**GOAL OF THE EXERCISE**: Could you reproduce, from the records below, everything from the line with "Glanzende Butterfly Ronde" down to the line with "Vintage Turquoise & Pink Stone Earrings", keeping both of those lines and changing nothing?

---------- INPUT DATA ----------

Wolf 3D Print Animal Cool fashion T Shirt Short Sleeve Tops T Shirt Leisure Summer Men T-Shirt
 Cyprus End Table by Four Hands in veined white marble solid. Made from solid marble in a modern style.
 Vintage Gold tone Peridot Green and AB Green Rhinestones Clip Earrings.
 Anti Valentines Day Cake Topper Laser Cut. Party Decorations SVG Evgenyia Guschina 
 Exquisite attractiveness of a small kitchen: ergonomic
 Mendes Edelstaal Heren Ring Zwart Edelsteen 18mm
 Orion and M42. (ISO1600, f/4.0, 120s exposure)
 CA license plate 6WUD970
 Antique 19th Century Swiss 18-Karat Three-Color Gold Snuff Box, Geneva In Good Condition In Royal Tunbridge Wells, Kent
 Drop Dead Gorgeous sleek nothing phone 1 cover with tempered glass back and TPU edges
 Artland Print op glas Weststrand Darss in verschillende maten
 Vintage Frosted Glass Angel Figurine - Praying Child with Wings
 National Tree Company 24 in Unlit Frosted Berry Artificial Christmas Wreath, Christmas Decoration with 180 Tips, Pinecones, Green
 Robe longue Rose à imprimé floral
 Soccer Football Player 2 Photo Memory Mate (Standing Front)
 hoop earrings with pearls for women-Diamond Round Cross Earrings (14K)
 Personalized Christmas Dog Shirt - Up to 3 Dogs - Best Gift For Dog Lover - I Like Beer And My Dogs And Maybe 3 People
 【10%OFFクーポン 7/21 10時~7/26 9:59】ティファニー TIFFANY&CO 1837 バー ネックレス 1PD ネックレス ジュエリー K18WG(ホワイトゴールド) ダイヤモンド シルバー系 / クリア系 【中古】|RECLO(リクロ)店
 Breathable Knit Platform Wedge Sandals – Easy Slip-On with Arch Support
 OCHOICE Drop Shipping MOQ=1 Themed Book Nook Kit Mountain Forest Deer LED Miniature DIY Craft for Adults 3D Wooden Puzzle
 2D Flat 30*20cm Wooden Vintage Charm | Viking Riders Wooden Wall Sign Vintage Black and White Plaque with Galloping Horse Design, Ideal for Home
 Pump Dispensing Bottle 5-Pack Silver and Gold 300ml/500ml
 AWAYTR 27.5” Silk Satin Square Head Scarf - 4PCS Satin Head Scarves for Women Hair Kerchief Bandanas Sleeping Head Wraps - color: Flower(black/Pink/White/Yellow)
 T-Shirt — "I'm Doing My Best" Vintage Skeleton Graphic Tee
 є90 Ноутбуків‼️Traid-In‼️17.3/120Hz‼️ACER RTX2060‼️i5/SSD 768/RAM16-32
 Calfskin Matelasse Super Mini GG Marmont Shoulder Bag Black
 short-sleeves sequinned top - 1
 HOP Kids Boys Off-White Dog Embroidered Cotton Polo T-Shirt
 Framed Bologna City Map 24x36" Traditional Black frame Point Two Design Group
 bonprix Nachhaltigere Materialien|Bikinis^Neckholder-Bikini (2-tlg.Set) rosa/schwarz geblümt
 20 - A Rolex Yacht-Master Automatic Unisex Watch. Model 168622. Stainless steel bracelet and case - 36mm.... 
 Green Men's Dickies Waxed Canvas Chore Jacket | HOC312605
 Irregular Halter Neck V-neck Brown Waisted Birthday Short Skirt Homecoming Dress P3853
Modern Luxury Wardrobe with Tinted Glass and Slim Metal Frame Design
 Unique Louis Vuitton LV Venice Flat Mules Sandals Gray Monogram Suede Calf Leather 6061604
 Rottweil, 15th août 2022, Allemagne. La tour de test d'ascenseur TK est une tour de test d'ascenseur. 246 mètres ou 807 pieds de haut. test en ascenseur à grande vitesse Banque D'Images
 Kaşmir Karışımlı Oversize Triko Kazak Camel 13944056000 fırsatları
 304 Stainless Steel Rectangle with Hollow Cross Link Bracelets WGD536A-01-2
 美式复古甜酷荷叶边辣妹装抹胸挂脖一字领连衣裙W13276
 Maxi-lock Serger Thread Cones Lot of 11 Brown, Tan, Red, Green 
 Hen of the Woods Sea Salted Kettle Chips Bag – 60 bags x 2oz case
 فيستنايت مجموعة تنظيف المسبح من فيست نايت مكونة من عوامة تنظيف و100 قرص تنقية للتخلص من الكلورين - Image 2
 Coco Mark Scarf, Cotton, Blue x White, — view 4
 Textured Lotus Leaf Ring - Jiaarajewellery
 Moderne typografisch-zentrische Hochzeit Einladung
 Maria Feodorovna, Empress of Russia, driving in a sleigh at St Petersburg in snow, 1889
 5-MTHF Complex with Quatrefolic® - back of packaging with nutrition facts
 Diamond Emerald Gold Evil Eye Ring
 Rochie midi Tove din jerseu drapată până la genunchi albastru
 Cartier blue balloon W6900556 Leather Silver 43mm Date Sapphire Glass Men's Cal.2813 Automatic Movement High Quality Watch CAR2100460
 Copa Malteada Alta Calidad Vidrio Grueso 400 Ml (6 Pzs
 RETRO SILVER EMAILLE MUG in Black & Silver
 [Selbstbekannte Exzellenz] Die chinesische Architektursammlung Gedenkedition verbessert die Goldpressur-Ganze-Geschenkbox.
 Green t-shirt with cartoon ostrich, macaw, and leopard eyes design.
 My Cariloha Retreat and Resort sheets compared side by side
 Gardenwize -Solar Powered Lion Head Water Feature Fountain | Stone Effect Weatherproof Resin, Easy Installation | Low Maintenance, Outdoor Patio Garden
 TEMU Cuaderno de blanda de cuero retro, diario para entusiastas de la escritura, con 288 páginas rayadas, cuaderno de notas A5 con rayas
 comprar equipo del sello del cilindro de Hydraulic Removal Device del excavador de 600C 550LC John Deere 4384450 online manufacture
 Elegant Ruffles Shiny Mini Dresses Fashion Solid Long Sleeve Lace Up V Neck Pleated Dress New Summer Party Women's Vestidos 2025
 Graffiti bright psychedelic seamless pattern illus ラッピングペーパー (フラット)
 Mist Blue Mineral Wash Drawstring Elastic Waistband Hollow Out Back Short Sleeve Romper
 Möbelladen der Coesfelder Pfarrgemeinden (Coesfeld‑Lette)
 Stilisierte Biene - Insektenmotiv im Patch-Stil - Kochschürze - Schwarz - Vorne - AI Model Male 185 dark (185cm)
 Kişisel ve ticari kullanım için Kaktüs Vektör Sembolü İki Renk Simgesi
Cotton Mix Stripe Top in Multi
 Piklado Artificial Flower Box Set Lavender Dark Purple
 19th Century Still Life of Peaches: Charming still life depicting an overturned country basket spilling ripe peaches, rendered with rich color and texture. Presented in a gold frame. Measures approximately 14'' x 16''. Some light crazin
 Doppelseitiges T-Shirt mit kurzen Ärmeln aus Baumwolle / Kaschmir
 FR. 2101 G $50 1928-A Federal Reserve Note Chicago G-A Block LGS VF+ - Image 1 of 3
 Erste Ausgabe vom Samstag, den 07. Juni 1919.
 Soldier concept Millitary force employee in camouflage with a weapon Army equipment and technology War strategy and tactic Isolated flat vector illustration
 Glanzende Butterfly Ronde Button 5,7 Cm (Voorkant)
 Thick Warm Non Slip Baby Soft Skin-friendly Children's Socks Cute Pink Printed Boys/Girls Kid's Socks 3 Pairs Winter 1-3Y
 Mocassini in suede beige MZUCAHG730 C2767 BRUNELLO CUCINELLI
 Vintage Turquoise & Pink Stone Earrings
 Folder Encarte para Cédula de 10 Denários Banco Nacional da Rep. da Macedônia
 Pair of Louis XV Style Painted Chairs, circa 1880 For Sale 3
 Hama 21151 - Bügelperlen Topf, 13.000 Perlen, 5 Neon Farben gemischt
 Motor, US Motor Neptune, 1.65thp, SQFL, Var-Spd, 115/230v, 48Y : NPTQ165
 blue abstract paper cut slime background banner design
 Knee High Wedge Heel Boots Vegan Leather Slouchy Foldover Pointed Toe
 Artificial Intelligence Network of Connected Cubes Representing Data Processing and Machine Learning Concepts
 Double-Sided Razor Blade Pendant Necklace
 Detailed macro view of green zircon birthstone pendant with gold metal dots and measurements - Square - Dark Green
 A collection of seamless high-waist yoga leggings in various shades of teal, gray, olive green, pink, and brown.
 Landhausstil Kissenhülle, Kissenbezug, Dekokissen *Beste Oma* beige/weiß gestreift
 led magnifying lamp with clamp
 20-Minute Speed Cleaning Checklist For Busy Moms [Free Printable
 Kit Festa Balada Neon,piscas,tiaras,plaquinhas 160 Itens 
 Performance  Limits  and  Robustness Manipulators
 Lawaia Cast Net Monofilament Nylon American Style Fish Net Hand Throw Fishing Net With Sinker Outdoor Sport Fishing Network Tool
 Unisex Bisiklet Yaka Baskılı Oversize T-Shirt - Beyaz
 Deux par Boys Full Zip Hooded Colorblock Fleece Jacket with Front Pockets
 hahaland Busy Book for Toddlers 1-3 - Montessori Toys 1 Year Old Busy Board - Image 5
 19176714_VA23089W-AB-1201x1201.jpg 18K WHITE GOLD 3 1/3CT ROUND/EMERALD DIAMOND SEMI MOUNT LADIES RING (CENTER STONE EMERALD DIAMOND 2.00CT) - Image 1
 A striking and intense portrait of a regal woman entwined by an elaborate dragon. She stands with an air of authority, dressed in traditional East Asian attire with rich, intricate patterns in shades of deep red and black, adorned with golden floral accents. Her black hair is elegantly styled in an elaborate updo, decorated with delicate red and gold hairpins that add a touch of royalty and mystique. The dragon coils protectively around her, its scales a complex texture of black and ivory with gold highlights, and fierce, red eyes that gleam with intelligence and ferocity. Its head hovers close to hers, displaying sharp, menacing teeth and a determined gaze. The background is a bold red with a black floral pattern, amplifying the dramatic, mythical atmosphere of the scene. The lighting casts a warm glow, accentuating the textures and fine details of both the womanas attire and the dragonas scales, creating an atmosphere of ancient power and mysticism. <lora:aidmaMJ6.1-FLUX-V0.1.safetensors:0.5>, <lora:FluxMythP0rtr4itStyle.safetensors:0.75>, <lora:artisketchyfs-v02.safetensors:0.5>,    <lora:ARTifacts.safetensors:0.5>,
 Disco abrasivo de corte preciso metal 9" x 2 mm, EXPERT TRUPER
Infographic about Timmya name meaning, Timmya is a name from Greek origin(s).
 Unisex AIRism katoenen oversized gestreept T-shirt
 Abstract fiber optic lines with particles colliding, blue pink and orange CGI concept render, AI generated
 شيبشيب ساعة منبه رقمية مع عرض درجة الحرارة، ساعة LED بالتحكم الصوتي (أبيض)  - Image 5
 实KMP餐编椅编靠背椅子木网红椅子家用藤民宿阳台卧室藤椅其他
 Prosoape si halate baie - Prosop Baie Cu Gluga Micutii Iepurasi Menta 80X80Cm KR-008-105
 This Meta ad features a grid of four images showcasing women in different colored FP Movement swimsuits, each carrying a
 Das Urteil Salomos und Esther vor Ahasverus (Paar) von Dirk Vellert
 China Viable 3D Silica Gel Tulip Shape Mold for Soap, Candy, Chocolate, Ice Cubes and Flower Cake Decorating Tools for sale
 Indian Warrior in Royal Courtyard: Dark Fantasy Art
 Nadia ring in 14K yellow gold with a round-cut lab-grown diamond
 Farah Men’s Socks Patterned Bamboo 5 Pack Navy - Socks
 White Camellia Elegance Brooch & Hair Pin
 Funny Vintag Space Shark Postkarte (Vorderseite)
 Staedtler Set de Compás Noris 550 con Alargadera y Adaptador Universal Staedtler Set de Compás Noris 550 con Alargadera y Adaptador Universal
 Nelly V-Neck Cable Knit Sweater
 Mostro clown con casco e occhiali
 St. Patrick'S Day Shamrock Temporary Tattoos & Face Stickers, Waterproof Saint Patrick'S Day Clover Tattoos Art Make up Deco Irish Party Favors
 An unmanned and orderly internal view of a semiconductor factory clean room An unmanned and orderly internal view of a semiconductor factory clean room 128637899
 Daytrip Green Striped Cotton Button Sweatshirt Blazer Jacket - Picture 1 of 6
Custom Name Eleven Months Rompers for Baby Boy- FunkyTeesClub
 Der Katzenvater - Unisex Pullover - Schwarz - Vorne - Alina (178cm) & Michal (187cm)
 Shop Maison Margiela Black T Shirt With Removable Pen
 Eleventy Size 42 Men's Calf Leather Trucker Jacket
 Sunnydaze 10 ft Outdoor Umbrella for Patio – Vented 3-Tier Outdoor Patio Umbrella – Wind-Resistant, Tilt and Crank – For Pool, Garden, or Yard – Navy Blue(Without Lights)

----------

**OUTPUT**:
 Glanzende Butterfly Ronde Button 5,7 Cm (Voorkant)
 Thick Warm Non Slip Baby Soft Skin-friendly Children's Socks Cute Pink Printed Boys/Girls Kid's Socks 3 Pairs Winter 1-3Y
 Mocassini in suede beige MZUCAHG730 C2767 BRUNELLO CUCINELLI
 Vintage Turquoise & Pink Stone Earrings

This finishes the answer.